4527 Lomitas Ave.
Houston, TX 77098
Aaron and I are big fans of upscale sports bars, or really any non-divey sports bars that serve things other than fried stuff. I’m not opposed to fried stuff (believe me) but if I ate fried shit Sundays, Mondays, AND Thursdays, I would have to move into the gym.
In addition to non-divey sports bars, we also both love boobs. When Twin Peaks opened, it was a win-win-win-win-win situation. We love boobs so much so that we’ve made up a game for it: R or F (real or fake). It’s pretty straightforward. When we walked into Twin Peaks, we were both slightly distracted by the possibilities of R or Fs abound.

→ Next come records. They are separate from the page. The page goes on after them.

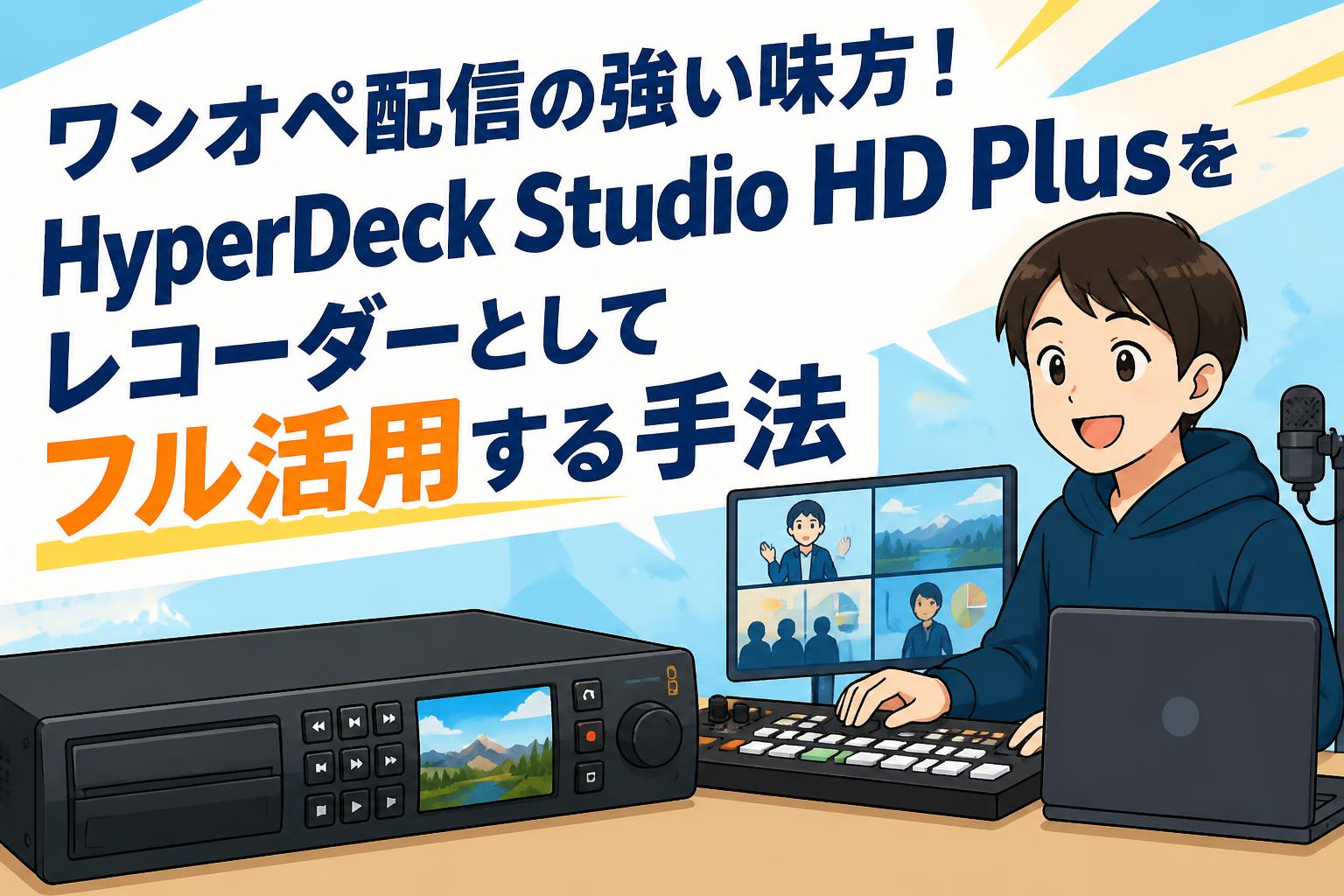 ワンオペ配信の強い味方！HyperDeck Studio HD Plusをレコーダーとしてフル活用する手法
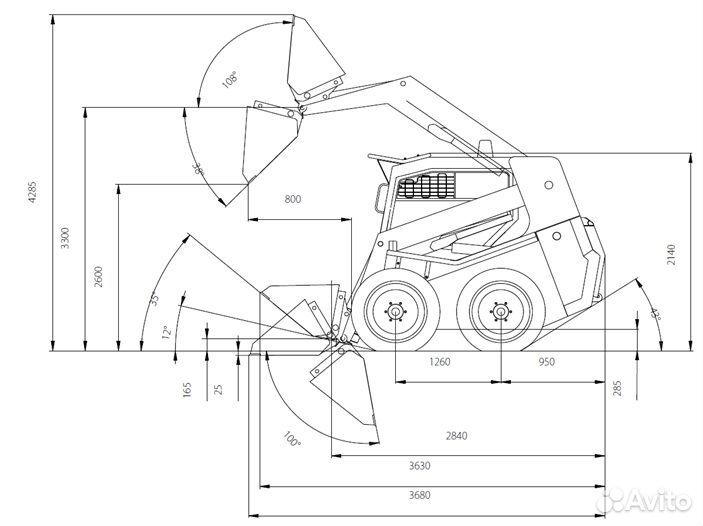 Мини-погрузчик Locust / Way Industry L1203, 2023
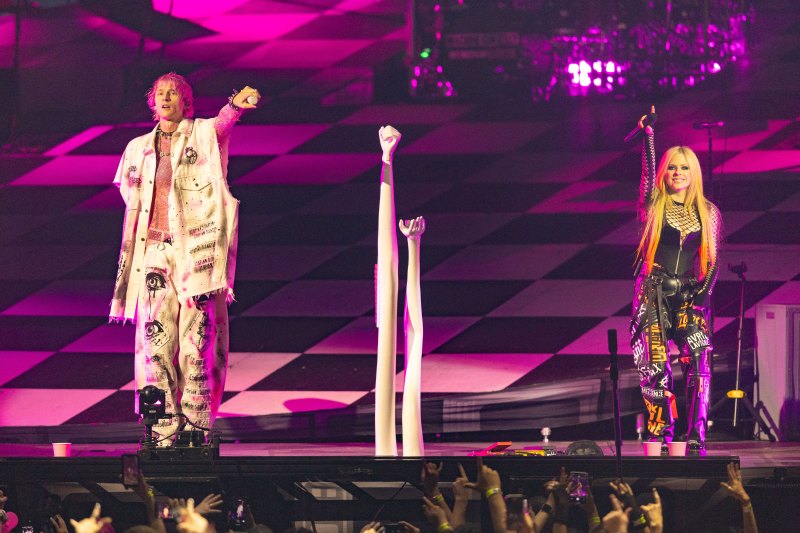 Travis Barker MGK Concert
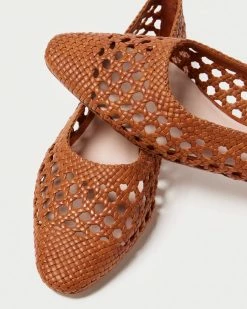 Loeffler Randall Landry Timber Brown Woven Flat New Arrivals 9 Loeffler Randall Landry Timber Brown Woven Flat New Arrivals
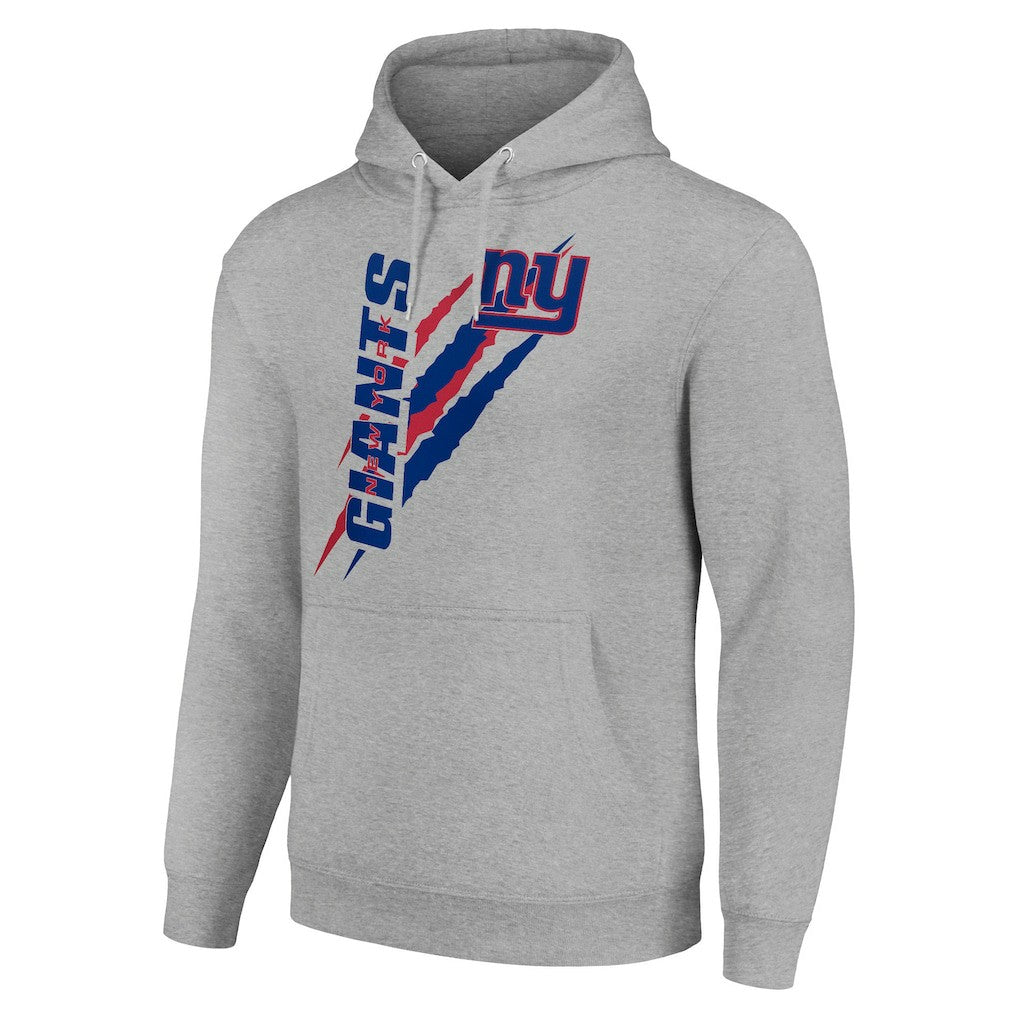 New York Giants Starter Unisex Color Scratch Fleece Pullover Hoodie - Heather Gray sale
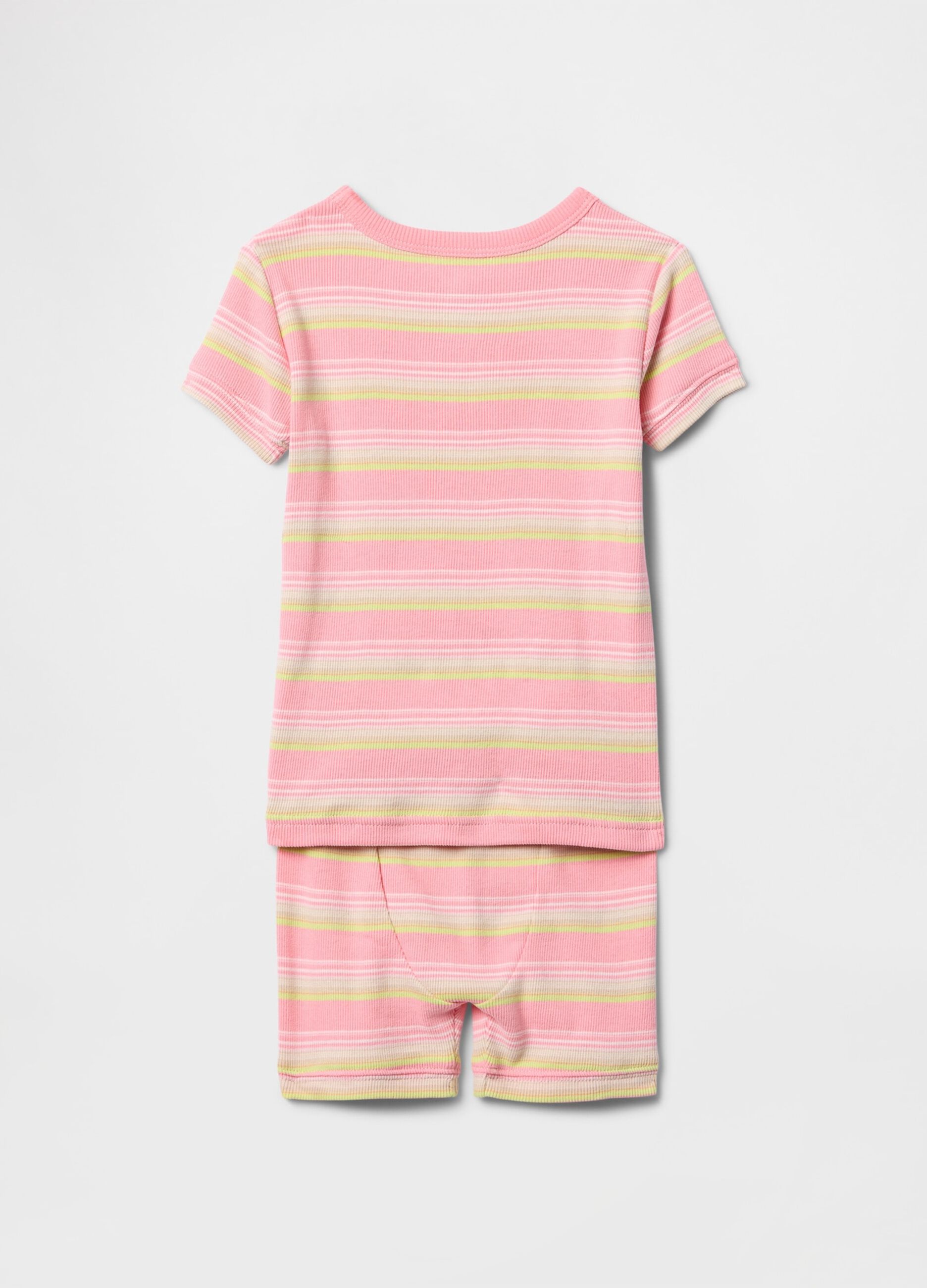 Pigiama rosa a righe in cotone GAP Kids_1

Aaron: Yeah, so *something something about work*
Amy: *Stares at waitresses’ boobs*
Aaron: *Stares at waitresses’ boobs* What was I saying?
Hostess: Party of two?
Amy and Aaron: *Stares at hostess’s boobs*
Enough about boobs. Ok, except for the fact that the theme is ski lodge. When you think ski lodge, you normally think cold, aka, bundle up with warm coats, etc. Right? But in reality, when you think ski lodge, you should really think flannel patterned bikinis, booty shorts, and snow boots! Duh! This version of a ski lodge is much better.
(Image courtesy of Twin Peaks)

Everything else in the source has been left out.